■ Problem description
From the entries below, return exactly the lines beginning at the one that contains "Puzdro knižka Xiaomi" and ending at the one that contains "Bild 2 för Beard Monkey Hair Pomade 100 ml", both of them included, and only those lines.

■ Exercise material

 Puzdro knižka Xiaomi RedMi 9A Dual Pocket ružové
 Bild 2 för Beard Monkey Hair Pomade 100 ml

...

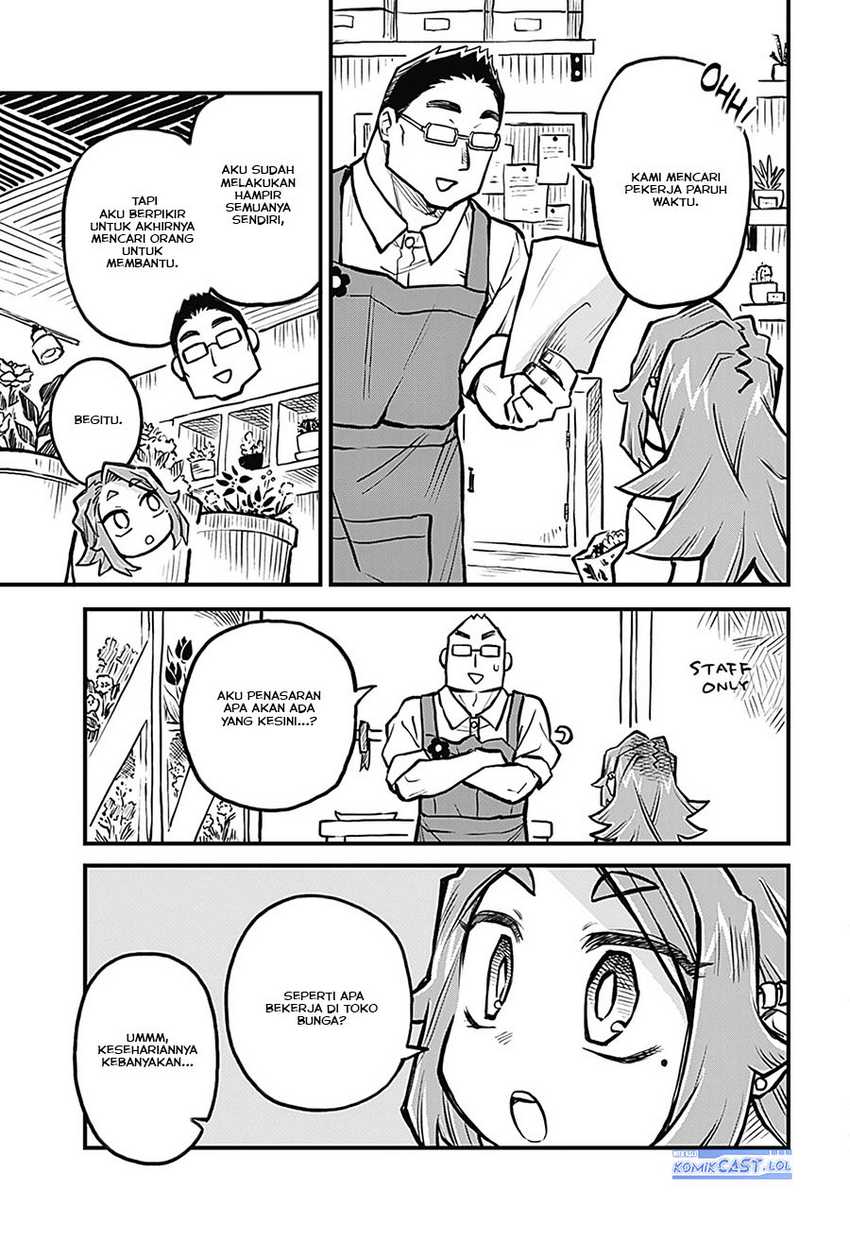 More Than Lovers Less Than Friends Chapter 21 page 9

==

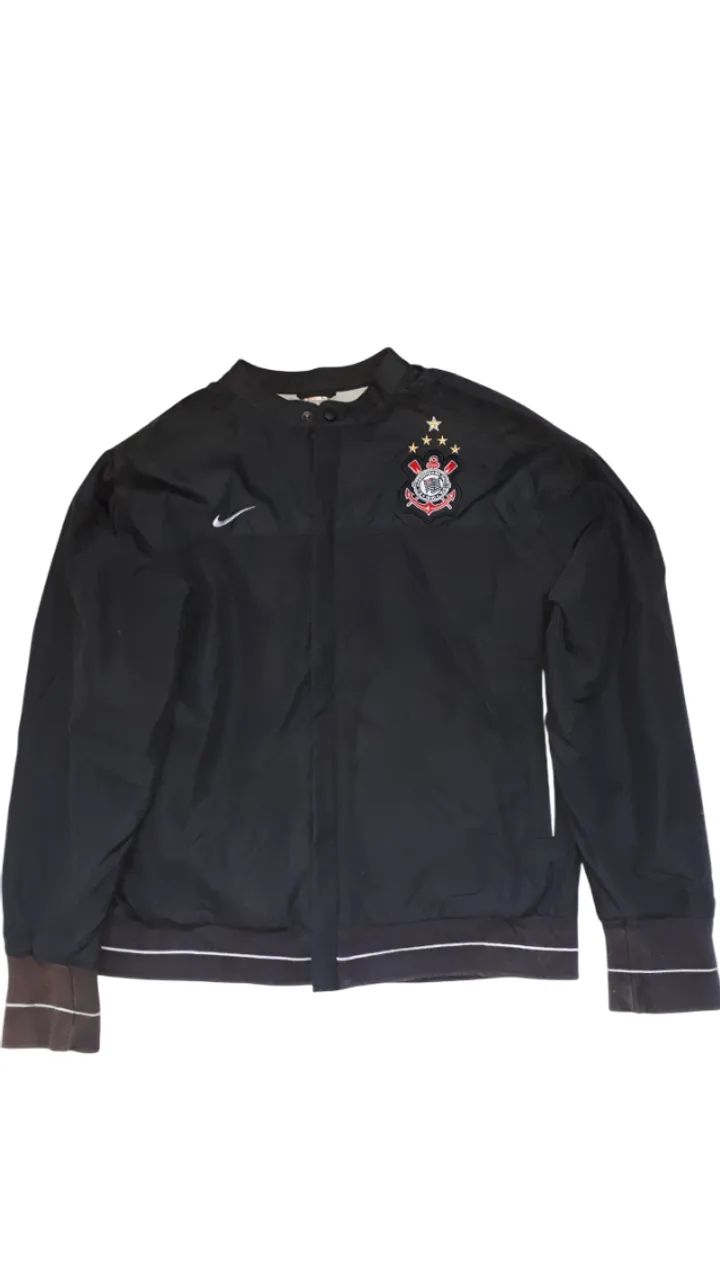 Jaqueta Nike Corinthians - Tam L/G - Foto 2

■ Task response
 Puzdro knižka Xiaomi RedMi 9A Dual Pocket ružové
 Bild 2 för Beard Monkey Hair Pomade 100 ml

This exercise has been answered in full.